Revenue Recognition. We derive revenue primarily from subscribers, advertising and direct sales of
merchandise. Revenue from subscribers consists of subscription fees; revenue derived from our agreements with
daily rental fleet programs; non-refundable activation and other fees; and the effects of rebates. Revenue is
recognized as it is realized or realizable and earned.
We recognize subscription fees as our services are provided. Prepaid subscription fees are recorded as deferred
revenue and amortized to revenue ratably over the term of the applicable subscription plan.
At the time of sale, vehicle owners purchasing or leasing a vehicle with a subscription to our service typically
receive between a three-month and twelve-month prepaid subscription. Prepaid subscription fees received from
certain automakers are recorded as deferred revenue and amortized to revenue ratably over the service period which
commences upon retail sale and activation. We reimburse automakers for certain costs associated with the satellite
radio installed in the applicable vehicle at the time the vehicle is manufactured. The associated payments to the
automakers are included in Subscriber acquisition costs. These payments are included in Subscriber acquisition
costs because we are responsible for providing the service to the customers, including being obligated to the
customers in the case of an interruption of service.
Activation fees are recognized ratably over the estimated term of a subscriber relationship, estimated to be
approximately 3.5 years during 2009. The estimated term of a subscriber relationship is based on historical
experience.
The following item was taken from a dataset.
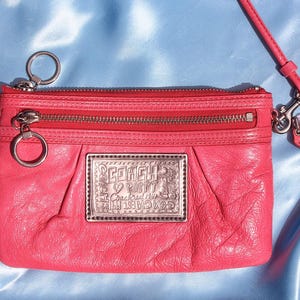 May include: A bright coral pink leather crossbody bag featuring a silver-toned metal plaque on the front with the embossed text Coach Poppy. The bag includes a zippered top closure, a front zippered pocket, silver hardware, and a detachable strap.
If we were to revise our estimate our recognition of activation fees would change, for example, a 10%
decrease to the estimated term of a subscriber relationship during 2009 would have resulted in approximately
$7,585 of additional activation fees.
We record an estimate of rebates that are paid by us to subscribers as a reduction to revenue in the period the
subscriber activates service. For certain rebate promotions, a subscriber must remain active for a specified period of
time to be considered eligible. In those instances, the estimate is recorded as a reduction to revenue over the required
activation period. We estimate the effects of mail-in rebates based on actual take-rates for rebate incentives offered
in prior periods, adjusted as deemed necessary based on take-rate data available at the time. In subsequent periods,
estimates are adjusted when necessary. For instant rebate promotions, we record the consideration paid to the
consumer as a reduction to revenue in the period the customer participates in the promotion.
We recognize revenue from the sale of advertising as the advertising is broadcast. Agency fees are calculated
based on a stated percentage applied to gross billing revenue for our advertising inventory and are reported as a
reduction of advertising revenue. We pay certain third parties a percentage of advertising revenue. Advertising
revenue is recorded gross of such revenue share payments as we are the primary obligor in the transaction.
Advertising revenue share payments are recorded to revenue share and royalties during the period in which the
advertising is broadcast.
Equipment revenue and royalties from the sale of satellite radios, components and accessories is recognized
upon shipment, net of discounts and rebates. Shipping and handling costs billed to customers are recorded as
revenue. Shipping and handling costs associated with shipping goods to customers are reported as a component of
cost of equipment.
Revenue arrangements with multiple deliverables are divided into separate units of accounting when the
products and services meet certain criteria and consideration is allocated among the separate units of accounting
based on their relative fair values.
Share-based Payment. We recognize all share-based compensation payments in the financial statements
based on fair value using the Black-Scholes-Merton option-pricing model to value stock option awards and we treat
awards with graded vesting as a single award. Forfeitures are estimated at the time of grant and revised in
subsequent periods if actual forfeitures differ from initial estimates.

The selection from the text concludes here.